The 1972 Dayton Days Court is Queen Karen Reddish, Princess Beverly Koschmeder, Princess Janet Hall, Flag Bears Cindy Startin, and Sherri Bales.

Charles Stewart, 13-year-old Boy Scout from Pasco is sage as he walked into the Dallas Lang rural home on Starveout Ridge, after spending nearly two days lost in the rough foothill country of the Maloney Mountain area.

Seventy-Five Years Ago

May 22, 1947

Mr. and Mrs. Earl Dunlap are leaving Sunday for West Point to attend the graduation of their son, Dick Dunlap, from the United States Military Academy.

Kae Turner and Joanne Criss are two girls who have been selected to attend Girls State at Bellingham, one girl is sponsored by the American Legion Auxiliary, the other by Kiwanis club and will be held at the Western Washington College of Education.

Duane Kitterman a junior at Dayton high school, has been chosen to represent the local school at Boys’ State, three alternates selected are Ray Elder, Don Bales, and Marion Butler and are sponsored by the American Legion.

Miss Peggy Rodrick, daughter of Frank and Mrs. Rodrick, was crowned as the Dayton Days Queen, by Maurice Roe at the Coronation Ball at the Fairgrounds Pavilion.

One Hundred Years Ago

May 24, 1922

Frank has been kept busy exterminating rattlesnakes this spring. He found 17 in a den on the hillside and was kept busy jumping out of their way while shooting them with his six gun.
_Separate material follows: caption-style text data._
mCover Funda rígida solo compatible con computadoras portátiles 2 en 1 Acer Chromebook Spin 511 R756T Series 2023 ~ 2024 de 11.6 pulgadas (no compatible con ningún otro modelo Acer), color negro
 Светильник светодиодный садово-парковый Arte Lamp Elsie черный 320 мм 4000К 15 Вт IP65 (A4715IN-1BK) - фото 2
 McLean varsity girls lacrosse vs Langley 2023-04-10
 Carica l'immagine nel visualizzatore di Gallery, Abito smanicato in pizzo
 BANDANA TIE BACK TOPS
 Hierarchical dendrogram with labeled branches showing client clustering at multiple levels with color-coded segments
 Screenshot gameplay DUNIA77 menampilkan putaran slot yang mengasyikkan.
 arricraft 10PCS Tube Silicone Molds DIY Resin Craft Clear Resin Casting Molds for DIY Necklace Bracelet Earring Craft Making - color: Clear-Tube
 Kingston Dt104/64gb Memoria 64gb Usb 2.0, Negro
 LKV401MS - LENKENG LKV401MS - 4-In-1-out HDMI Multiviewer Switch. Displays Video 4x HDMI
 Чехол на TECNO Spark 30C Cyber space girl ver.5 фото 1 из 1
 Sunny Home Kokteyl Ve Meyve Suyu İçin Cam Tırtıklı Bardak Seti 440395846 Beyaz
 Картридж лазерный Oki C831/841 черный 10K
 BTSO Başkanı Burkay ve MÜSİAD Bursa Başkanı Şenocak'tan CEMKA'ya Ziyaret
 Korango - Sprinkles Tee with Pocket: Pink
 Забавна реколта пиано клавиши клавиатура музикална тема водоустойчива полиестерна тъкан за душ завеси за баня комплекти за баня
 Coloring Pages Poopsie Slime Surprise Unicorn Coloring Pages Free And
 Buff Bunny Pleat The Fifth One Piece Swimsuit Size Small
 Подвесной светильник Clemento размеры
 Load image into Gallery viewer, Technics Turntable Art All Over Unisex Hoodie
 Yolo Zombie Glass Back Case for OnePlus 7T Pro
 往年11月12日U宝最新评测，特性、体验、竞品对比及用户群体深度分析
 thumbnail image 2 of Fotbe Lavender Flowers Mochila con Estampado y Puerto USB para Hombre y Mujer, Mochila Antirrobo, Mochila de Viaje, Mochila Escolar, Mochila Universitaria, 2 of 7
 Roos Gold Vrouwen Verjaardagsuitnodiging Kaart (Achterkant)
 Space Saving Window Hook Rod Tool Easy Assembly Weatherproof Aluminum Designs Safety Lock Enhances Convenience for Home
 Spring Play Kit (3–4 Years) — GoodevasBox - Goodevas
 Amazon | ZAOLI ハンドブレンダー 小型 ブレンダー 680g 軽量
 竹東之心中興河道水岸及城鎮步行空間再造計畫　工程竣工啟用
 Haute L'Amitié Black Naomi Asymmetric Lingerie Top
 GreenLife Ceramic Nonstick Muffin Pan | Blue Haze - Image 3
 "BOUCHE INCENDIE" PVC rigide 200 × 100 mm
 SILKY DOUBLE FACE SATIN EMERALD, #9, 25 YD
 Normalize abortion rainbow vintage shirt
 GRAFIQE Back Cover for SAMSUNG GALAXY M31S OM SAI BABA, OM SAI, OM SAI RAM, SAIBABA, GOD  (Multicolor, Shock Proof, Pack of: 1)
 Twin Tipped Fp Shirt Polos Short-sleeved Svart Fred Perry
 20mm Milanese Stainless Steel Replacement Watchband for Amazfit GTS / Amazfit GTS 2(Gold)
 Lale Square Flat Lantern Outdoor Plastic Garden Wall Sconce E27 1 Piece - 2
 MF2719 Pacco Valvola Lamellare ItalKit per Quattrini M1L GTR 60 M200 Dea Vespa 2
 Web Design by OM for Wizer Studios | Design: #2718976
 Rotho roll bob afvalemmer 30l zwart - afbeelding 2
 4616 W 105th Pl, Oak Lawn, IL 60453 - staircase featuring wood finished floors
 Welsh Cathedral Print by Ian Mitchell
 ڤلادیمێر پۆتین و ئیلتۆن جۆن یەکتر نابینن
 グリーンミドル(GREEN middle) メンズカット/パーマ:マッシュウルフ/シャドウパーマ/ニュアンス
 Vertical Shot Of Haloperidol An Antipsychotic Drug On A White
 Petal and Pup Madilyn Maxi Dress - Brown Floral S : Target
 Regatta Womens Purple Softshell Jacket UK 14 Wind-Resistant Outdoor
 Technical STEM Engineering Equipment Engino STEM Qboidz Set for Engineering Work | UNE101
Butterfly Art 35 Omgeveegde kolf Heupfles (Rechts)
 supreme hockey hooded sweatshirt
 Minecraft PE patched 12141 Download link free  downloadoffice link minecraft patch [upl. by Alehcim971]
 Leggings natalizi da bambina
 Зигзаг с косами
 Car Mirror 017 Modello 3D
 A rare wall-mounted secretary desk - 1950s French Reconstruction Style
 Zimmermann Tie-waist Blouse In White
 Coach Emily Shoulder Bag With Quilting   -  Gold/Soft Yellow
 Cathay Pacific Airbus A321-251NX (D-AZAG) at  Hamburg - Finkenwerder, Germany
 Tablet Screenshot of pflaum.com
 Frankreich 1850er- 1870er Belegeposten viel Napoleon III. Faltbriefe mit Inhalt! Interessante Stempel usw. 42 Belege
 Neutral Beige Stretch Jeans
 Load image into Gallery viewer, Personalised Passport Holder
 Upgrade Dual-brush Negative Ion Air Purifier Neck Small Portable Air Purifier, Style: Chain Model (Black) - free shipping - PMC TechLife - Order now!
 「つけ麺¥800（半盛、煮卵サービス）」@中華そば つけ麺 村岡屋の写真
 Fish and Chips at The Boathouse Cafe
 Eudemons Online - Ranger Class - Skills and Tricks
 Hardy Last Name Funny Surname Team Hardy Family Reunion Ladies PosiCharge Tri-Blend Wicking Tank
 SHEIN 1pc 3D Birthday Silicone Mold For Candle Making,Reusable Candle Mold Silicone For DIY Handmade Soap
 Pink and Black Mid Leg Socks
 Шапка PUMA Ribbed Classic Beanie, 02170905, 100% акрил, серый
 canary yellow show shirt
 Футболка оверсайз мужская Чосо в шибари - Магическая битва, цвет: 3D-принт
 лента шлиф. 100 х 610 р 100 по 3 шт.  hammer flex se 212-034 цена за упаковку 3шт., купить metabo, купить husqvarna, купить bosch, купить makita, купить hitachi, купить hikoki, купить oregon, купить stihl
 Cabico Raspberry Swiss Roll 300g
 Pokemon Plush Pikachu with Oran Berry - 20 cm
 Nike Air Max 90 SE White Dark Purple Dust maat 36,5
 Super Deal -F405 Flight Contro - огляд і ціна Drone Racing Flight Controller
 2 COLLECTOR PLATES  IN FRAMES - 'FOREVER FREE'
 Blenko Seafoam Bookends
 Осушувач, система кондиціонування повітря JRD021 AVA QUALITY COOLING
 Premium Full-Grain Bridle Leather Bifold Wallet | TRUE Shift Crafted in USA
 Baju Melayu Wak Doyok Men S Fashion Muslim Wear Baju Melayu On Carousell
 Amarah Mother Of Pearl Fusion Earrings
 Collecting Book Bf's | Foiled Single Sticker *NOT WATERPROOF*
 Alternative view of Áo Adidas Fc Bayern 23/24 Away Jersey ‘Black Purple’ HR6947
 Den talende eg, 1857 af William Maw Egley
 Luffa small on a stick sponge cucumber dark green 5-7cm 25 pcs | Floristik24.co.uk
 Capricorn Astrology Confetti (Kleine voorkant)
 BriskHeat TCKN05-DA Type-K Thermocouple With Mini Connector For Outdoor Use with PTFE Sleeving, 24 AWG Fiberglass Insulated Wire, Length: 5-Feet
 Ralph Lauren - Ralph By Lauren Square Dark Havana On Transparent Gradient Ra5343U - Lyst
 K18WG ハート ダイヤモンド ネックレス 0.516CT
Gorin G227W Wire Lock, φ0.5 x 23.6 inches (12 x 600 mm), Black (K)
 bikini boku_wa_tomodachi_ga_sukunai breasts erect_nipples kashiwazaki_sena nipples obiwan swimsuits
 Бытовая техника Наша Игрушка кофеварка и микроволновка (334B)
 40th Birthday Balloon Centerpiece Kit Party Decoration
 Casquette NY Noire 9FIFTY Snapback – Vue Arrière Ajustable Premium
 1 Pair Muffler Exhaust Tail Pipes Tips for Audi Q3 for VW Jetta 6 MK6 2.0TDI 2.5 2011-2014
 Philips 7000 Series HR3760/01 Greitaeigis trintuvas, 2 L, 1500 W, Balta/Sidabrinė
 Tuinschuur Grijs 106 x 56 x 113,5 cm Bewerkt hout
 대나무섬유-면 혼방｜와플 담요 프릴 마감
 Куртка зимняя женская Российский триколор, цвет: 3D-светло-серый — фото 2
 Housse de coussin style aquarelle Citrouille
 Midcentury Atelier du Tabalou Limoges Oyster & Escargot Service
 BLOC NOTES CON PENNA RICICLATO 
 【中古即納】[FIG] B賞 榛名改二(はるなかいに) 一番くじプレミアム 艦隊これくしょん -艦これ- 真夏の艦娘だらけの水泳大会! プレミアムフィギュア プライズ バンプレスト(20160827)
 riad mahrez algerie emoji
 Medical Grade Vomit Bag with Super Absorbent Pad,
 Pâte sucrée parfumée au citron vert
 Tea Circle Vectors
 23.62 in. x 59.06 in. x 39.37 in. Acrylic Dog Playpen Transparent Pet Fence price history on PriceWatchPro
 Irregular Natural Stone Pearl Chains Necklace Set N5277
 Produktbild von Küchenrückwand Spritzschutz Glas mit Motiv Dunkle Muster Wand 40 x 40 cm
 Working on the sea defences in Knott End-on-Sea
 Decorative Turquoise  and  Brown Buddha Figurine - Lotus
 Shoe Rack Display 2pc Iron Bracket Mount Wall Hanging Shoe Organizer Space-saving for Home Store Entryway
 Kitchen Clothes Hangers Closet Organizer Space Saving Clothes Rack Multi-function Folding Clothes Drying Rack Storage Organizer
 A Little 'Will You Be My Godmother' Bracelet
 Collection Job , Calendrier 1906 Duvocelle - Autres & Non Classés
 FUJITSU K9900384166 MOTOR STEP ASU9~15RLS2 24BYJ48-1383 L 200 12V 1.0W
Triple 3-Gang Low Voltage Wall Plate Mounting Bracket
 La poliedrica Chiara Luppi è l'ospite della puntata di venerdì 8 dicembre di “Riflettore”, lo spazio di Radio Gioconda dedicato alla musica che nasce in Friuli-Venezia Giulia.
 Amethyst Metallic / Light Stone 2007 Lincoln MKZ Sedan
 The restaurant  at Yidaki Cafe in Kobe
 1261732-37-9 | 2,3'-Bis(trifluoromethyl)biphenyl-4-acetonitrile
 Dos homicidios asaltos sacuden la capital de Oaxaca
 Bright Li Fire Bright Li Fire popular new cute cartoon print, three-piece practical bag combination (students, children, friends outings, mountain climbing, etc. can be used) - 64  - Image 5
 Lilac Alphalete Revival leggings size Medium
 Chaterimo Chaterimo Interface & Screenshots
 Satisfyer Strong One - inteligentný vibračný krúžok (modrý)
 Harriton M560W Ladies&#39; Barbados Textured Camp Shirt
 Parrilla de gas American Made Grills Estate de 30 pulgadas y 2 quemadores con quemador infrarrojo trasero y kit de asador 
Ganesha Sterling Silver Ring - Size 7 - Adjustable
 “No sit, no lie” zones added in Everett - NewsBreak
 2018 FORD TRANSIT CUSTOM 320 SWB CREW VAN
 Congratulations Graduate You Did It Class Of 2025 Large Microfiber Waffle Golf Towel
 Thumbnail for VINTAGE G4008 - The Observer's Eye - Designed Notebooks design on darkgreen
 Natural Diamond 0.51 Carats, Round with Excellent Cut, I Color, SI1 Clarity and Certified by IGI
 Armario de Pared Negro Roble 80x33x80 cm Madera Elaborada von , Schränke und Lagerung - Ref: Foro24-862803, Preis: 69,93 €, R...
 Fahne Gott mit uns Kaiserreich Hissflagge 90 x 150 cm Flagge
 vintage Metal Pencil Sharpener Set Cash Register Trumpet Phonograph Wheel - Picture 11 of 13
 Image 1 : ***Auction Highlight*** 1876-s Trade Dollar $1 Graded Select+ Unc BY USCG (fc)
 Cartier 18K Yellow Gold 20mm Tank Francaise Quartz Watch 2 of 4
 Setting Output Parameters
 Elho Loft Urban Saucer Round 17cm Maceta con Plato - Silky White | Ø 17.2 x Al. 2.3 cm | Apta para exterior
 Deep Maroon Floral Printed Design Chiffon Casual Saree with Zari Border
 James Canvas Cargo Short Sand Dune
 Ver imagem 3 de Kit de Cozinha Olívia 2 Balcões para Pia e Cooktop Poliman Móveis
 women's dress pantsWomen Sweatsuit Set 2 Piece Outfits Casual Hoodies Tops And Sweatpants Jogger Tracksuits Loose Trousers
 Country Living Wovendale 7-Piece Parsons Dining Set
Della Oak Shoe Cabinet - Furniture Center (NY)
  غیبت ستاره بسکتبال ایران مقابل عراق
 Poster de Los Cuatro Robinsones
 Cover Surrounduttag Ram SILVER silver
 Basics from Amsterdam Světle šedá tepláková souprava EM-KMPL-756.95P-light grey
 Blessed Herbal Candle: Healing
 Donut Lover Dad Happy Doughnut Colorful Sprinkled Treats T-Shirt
While going along a trail later he heard another one sing under his boots and leaped five feet in the air landing in the brush before returning to dispatch it.

The Columbia Basin Project Outlined by Dr. O. J. Keating and what it will mean to the northwest in general and Walla Walla County in particular, was presented to the Commercial club at a luncheon at the Dacres. The project is planned to irrigate 1,753,000 acres of which 30,000 are in Walla Walla County and is six times as large as the area irrigated in Yakima County, which is the third largest producing county in the United States.

One Hundred Twenty-Five Years Ago

May 22, 1897

That one case of scarlet fever scared this Burg clear out of root. In fact it will never grow any more. At this date no one pokes his or her or its head outside the door. When first the dread disease was discovered by a personage of experience; the poor patient and others were treated to a long list of deaths, graveyards and whole companies of corpses, scaring the patient herself nearly out of her Sunday dress.

The sugar-beet seed, about 10,000 pounds having been sent out to farmers in about four-fifths of the states for purely experimental purposes, which has been distributed by the agricultural department is practically exhausted.